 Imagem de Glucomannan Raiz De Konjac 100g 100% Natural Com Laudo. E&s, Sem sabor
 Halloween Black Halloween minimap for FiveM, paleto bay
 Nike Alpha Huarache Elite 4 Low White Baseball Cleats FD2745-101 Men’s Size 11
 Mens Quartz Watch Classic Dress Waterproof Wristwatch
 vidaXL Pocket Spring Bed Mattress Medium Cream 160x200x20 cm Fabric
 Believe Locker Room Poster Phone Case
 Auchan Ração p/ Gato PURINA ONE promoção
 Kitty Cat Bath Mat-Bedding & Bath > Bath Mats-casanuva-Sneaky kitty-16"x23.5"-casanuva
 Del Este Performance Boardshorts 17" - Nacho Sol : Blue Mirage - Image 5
* * *
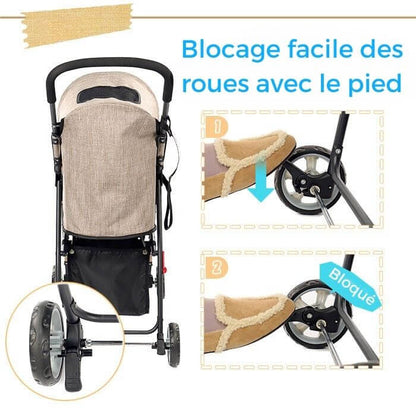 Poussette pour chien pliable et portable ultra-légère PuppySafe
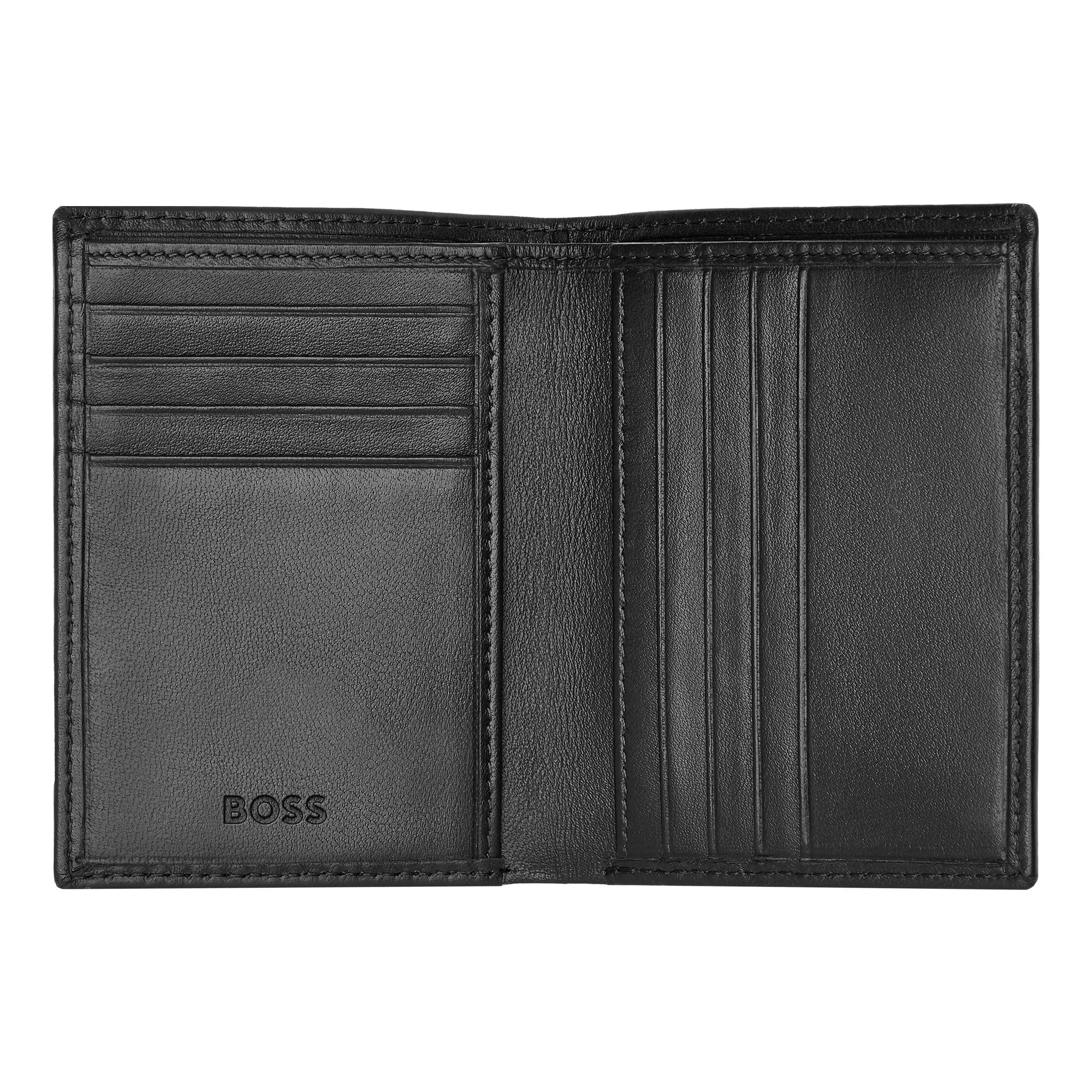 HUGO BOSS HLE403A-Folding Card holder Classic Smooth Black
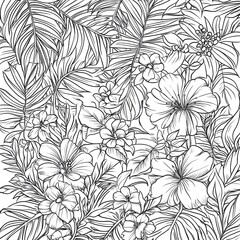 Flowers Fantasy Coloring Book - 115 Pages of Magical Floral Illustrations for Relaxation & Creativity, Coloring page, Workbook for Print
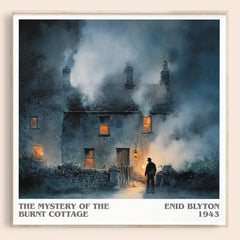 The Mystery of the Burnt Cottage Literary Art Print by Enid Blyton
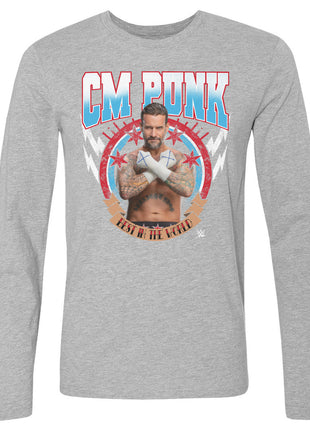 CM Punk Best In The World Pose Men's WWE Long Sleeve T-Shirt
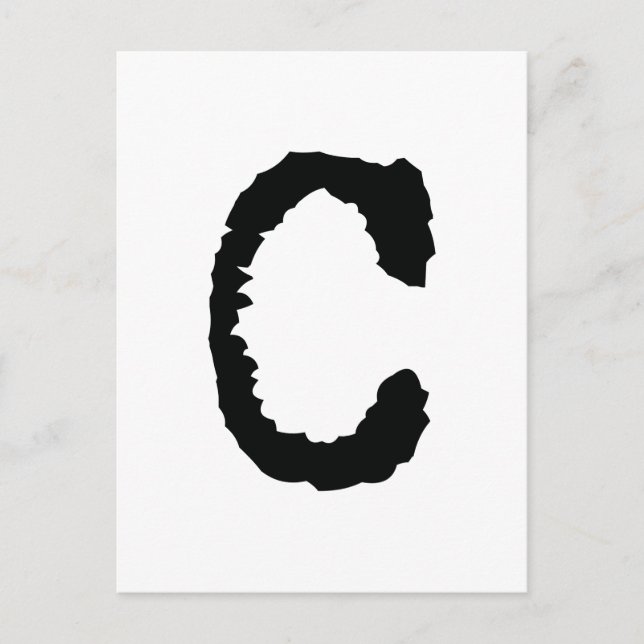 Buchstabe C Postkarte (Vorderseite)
--
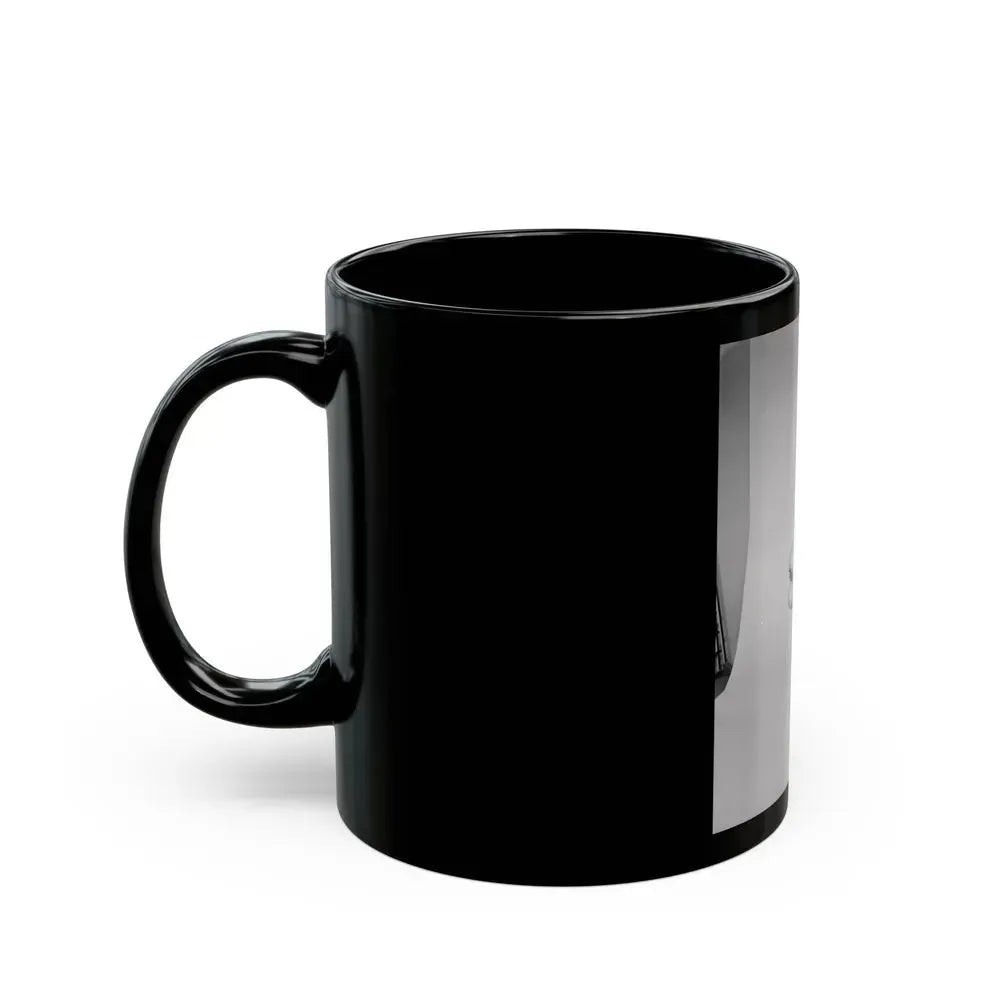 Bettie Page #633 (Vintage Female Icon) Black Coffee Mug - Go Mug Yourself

▸ Description of the task: In the listing above, find the line containing "Mens Quartz Watch" and the line containing "Del Este Performance", then quote both, plus every line between them, exactly as written.

▸ Exercise response:
 Mens Quartz Watch Classic Dress Waterproof Wristwatch
 vidaXL Pocket Spring Bed Mattress Medium Cream 160x200x20 cm Fabric
 Believe Locker Room Poster Phone Case
 Auchan Ração p/ Gato PURINA ONE promoção
 Kitty Cat Bath Mat-Bedding & Bath > Bath Mats-casanuva-Sneaky kitty-16"x23.5"-casanuva
 Del Este Performance Boardshorts 17" - Nacho Sol : Blue Mirage - Image 5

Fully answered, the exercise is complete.